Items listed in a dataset
::::::::::

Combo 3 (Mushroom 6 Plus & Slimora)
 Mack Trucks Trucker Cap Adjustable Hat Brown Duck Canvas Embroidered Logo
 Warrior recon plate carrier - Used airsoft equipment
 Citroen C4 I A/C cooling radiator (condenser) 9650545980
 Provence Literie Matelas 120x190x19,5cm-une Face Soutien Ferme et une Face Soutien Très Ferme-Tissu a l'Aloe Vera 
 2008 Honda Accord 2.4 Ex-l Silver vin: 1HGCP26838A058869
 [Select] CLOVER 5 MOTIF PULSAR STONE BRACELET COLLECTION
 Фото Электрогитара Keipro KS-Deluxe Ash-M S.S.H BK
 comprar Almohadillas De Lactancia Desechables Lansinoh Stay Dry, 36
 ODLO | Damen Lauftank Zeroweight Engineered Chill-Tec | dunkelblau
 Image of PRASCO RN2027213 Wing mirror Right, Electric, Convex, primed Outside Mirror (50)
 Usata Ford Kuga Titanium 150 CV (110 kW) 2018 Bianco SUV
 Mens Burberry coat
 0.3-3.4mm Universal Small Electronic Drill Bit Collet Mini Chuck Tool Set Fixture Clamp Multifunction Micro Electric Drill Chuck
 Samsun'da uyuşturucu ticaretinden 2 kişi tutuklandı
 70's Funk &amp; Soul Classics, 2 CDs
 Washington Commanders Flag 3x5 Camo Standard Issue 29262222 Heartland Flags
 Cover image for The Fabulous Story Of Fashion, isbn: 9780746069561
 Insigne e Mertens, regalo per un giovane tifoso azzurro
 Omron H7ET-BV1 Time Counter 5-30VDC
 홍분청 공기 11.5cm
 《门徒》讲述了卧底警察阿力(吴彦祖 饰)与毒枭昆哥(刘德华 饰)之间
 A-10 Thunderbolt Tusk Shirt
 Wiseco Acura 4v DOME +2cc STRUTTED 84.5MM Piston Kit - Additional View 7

::::::::::

REQUIRED ACTION – Please repeat, exactly and only, the lines from the one containing "Washington Commanders Flag" through the last line of the records, both included.

RESULT OF THE EXERCISE –
 Washington Commanders Flag 3x5 Camo Standard Issue 29262222 Heartland Flags
 Cover image for The Fabulous Story Of Fashion, isbn: 9780746069561
 Insigne e Mertens, regalo per un giovane tifoso azzurro
 Omron H7ET-BV1 Time Counter 5-30VDC
 홍분청 공기 11.5cm
 《门徒》讲述了卧底警察阿力(吴彦祖 饰)与毒枭昆哥(刘德华 饰)之间
 A-10 Thunderbolt Tusk Shirt
 Wiseco Acura 4v DOME +2cc STRUTTED 84.5MM Piston Kit - Additional View 7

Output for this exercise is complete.